**AIM OF THE TASK**
Where the line containing "沖縄 琉球の古都「浦添城跡」を訪れよう！琉球の歴史と戦争の歴史の両方を感じる - おすすめ旅行を探すならトラベルブック" appears, begin retyping; continue exactly through the final line of the data. Omit every picture.

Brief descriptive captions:
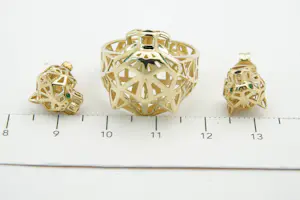 80 - Aparte opengewerkte 18krt geelgouden SET van panter ring en oorstekers kopen? Bied vanaf 400!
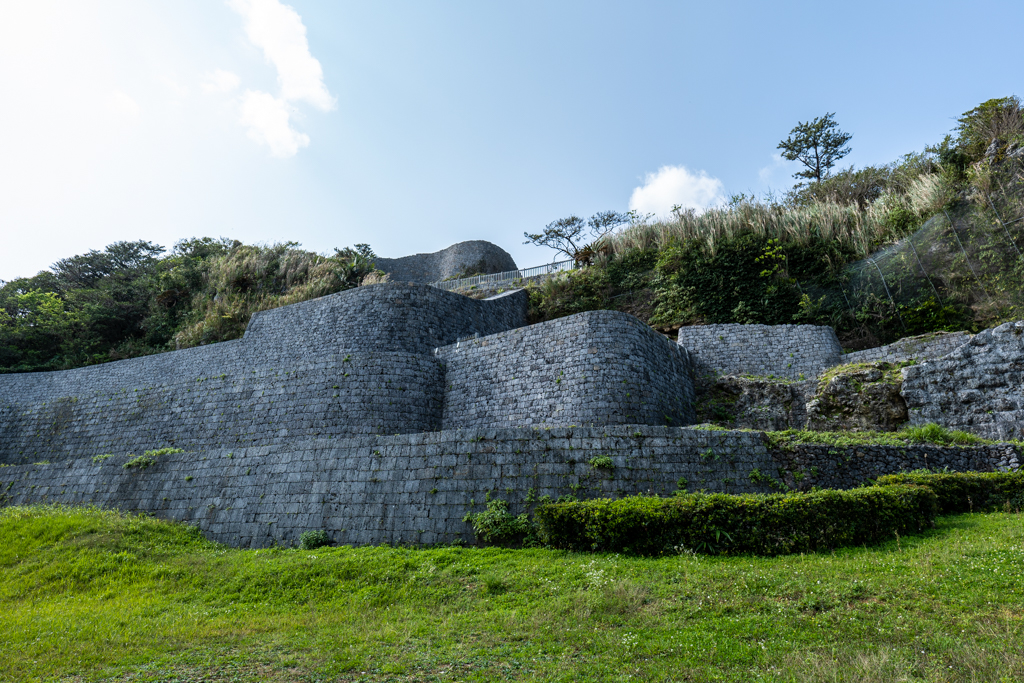 沖縄 琉球の古都「浦添城跡」を訪れよう！琉球の歴史と戦争の歴史の両方を感じる - おすすめ旅行を探すならトラベルブック TravelBook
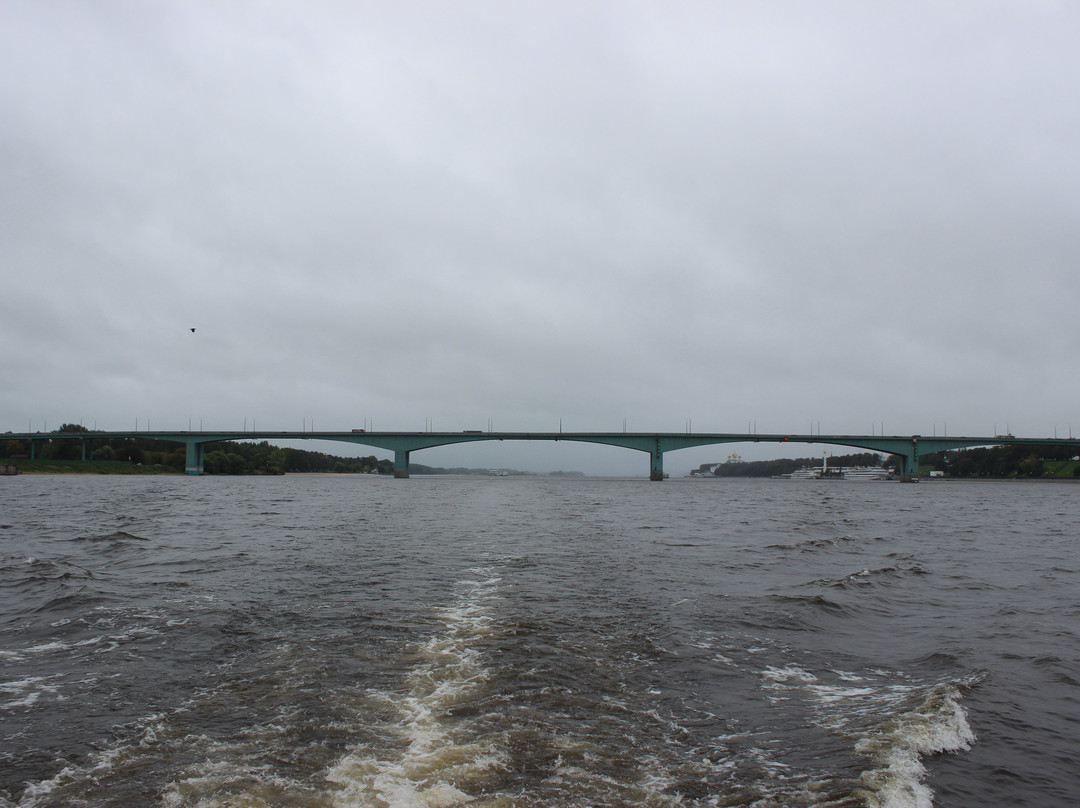 Oktyabrskiy Bridge-雅罗斯拉夫必去景点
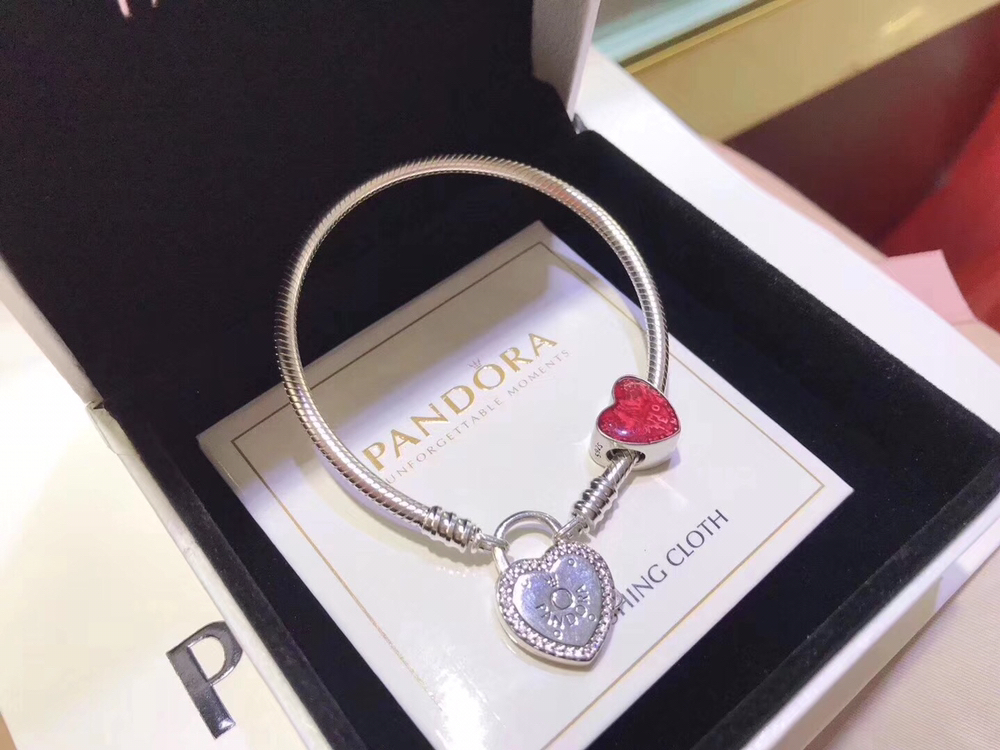 002 Pandora  bracelet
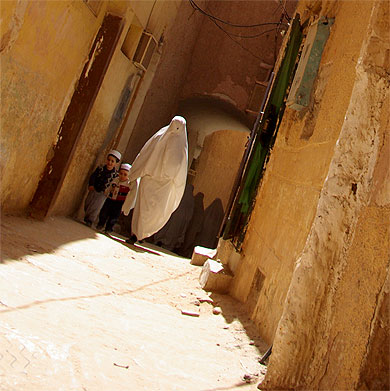 Une femme Mozabite et son enfant dans les rues de El Ateuf Une femme Mozabite et son enfant dans les rues de El Ateuf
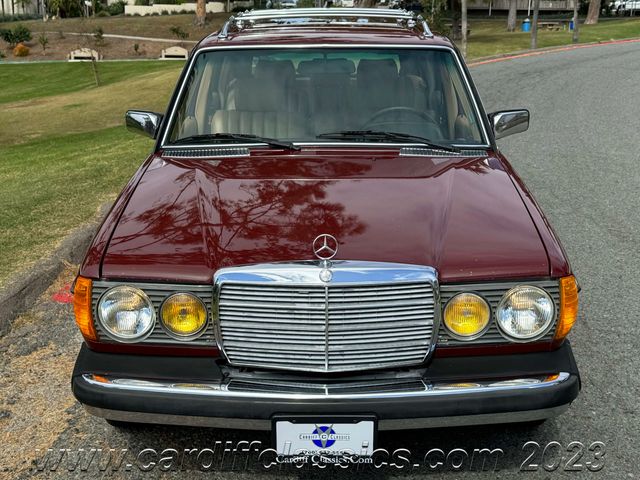 1982 Mercedes-Benz 300TD Wagon  - 22165847 - 12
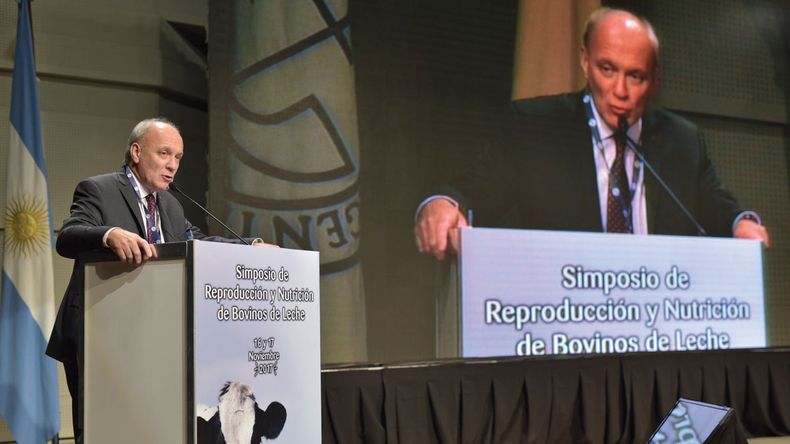 Mastellone1 Osvaldo Uhrich Director General de Mastellone Hnos.jpg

**EXERCISE ANSWER**
 沖縄 琉球の古都「浦添城跡」を訪れよう！琉球の歴史と戦争の歴史の両方を感じる - おすすめ旅行を探すならトラベルブック TravelBook
 Oktyabrskiy Bridge-雅罗斯拉夫必去景点
 002 Pandora  bracelet
 Une femme Mozabite et son enfant dans les rues de El Ateuf Une femme Mozabite et son enfant dans les rues de El Ateuf
 1982 Mercedes-Benz 300TD Wagon  - 22165847 - 12
 Mastellone1 Osvaldo Uhrich Director General de Mastellone Hnos.jpg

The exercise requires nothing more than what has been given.